Supplied entries
━━━━━━━━━━━━━━━━

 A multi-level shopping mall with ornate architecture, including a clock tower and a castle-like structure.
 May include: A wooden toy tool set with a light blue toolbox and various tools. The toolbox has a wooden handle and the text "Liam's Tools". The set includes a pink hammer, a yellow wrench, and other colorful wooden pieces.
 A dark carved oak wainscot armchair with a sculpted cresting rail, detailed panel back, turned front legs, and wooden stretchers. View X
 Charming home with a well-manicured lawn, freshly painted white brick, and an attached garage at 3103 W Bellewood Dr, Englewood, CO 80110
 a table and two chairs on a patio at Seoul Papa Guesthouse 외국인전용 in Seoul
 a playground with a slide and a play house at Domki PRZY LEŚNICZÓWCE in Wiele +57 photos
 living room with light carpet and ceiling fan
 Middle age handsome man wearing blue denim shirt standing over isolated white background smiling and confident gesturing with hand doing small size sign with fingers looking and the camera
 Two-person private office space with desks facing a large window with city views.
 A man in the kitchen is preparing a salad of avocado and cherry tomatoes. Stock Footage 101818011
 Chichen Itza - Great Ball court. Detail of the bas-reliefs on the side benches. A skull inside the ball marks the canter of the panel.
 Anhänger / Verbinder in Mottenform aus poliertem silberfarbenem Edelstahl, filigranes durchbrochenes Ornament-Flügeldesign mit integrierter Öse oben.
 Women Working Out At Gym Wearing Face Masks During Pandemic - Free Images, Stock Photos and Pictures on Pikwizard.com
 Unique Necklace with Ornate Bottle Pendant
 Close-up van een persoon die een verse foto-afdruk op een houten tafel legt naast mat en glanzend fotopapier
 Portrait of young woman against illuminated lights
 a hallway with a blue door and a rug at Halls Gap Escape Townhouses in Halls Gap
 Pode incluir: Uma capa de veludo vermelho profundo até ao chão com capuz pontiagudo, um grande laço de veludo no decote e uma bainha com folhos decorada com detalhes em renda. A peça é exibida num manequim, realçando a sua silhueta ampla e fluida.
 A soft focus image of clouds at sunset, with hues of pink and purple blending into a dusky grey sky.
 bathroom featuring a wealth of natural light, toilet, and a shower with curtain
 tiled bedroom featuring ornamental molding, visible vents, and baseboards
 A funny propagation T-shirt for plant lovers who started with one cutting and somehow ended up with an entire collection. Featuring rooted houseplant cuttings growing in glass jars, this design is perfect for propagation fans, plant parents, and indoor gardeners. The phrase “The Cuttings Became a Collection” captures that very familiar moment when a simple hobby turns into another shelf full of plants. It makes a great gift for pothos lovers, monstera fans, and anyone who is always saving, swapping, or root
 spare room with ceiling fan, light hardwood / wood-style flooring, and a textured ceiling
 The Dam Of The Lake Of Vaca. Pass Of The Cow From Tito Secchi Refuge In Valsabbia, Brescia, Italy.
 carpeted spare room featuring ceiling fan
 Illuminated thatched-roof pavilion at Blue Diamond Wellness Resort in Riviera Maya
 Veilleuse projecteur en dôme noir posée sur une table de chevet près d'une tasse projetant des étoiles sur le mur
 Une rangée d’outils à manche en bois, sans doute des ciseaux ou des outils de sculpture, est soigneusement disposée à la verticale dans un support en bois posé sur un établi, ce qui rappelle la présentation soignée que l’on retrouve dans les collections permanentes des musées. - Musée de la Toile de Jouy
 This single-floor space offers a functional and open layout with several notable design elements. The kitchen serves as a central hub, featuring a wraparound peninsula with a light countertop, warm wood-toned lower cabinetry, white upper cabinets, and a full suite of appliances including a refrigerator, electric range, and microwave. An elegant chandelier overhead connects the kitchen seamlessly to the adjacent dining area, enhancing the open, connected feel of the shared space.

━━━━━━━━━━━━━━━━

What you have to do
In the listing above, locate the line containing "Women Working Out" and the line containing "carpeted spare room featuring ceiling fan". Transcribe those two lines and everything between them, exactly as written.

Problem solution
 Women Working Out At Gym Wearing Face Masks During Pandemic - Free Images, Stock Photos and Pictures on Pikwizard.com
 Unique Necklace with Ornate Bottle Pendant
 Close-up van een persoon die een verse foto-afdruk op een houten tafel legt naast mat en glanzend fotopapier
 Portrait of young woman against illuminated lights
 a hallway with a blue door and a rug at Halls Gap Escape Townhouses in Halls Gap
 Pode incluir: Uma capa de veludo vermelho profundo até ao chão com capuz pontiagudo, um grande laço de veludo no decote e uma bainha com folhos decorada com detalhes em renda. A peça é exibida num manequim, realçando a sua silhueta ampla e fluida.
 A soft focus image of clouds at sunset, with hues of pink and purple blending into a dusky grey sky.
 bathroom featuring a wealth of natural light, toilet, and a shower with curtain
 tiled bedroom featuring ornamental molding, visible vents, and baseboards
 A funny propagation T-shirt for plant lovers who started with one cutting and somehow ended up with an entire collection. Featuring rooted houseplant cuttings growing in glass jars, this design is perfect for propagation fans, plant parents, and indoor gardeners. The phrase “The Cuttings Became a Collection” captures that very familiar moment when a simple hobby turns into another shelf full of plants. It makes a great gift for pothos lovers, monstera fans, and anyone who is always saving, swapping, or root
 spare room with ceiling fan, light hardwood / wood-style flooring, and a textured ceiling
 The Dam Of The Lake Of Vaca. Pass Of The Cow From Tito Secchi Refuge In Valsabbia, Brescia, Italy.
 carpeted spare room featuring ceiling fan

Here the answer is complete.